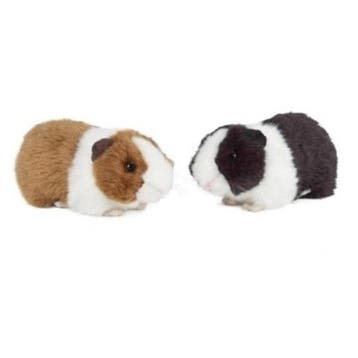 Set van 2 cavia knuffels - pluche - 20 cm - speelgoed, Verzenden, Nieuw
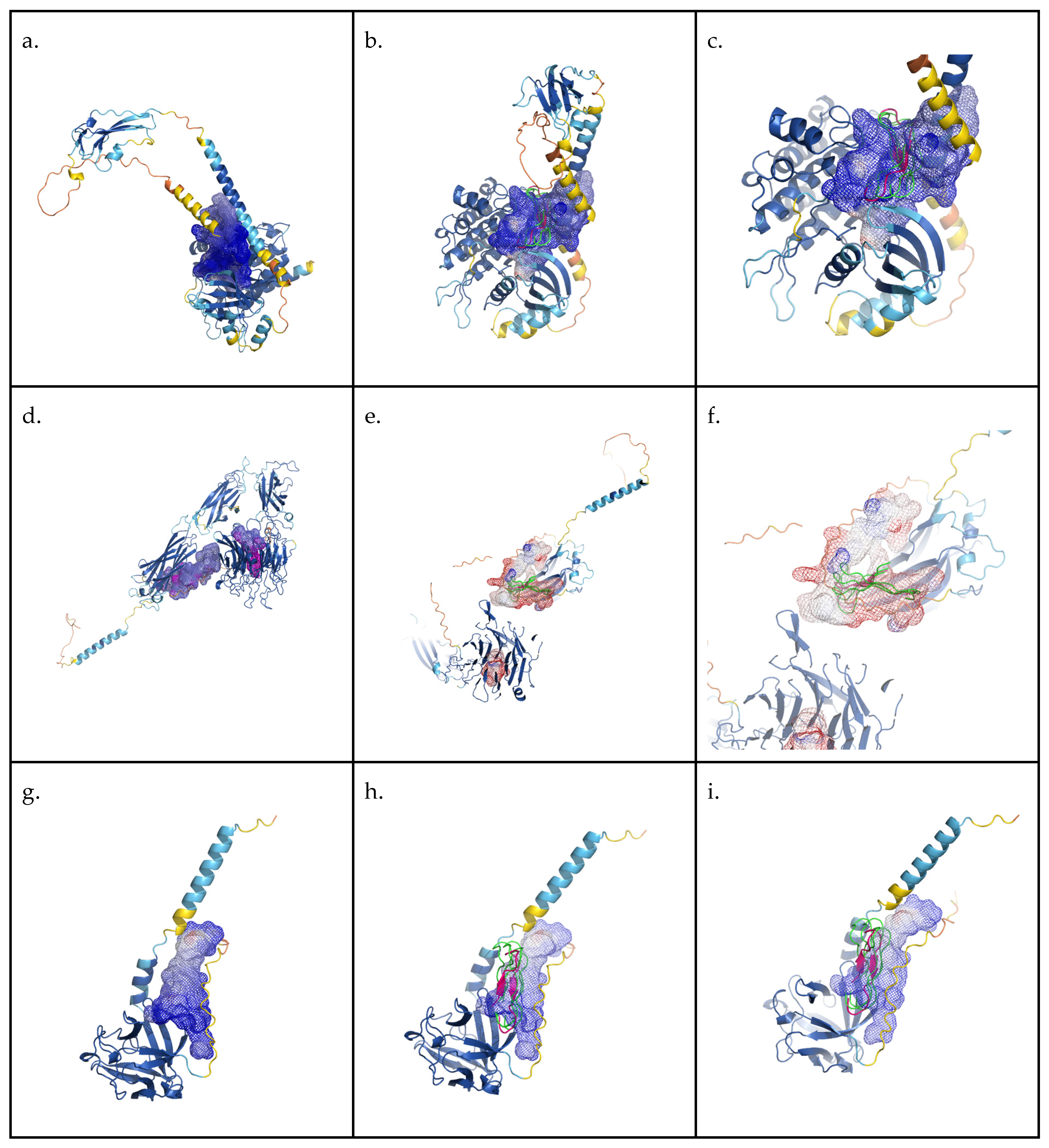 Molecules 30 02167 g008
# # #
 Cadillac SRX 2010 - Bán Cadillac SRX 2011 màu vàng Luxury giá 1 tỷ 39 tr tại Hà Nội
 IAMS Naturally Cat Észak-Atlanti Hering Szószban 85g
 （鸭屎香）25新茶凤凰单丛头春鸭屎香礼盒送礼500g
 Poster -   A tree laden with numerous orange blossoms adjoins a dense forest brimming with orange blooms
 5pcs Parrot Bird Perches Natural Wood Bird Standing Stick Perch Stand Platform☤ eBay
# # #
Assignment:
Copy only what runs above from the line containing "Set van 2 cavia" through the line containing "Molecules 30 02167 g008", exactly. Leave out the pictures.

Answer space:
 Set van 2 cavia knuffels - pluche - 20 cm - speelgoed, Verzenden, Nieuw
 Molecules 30 02167 g008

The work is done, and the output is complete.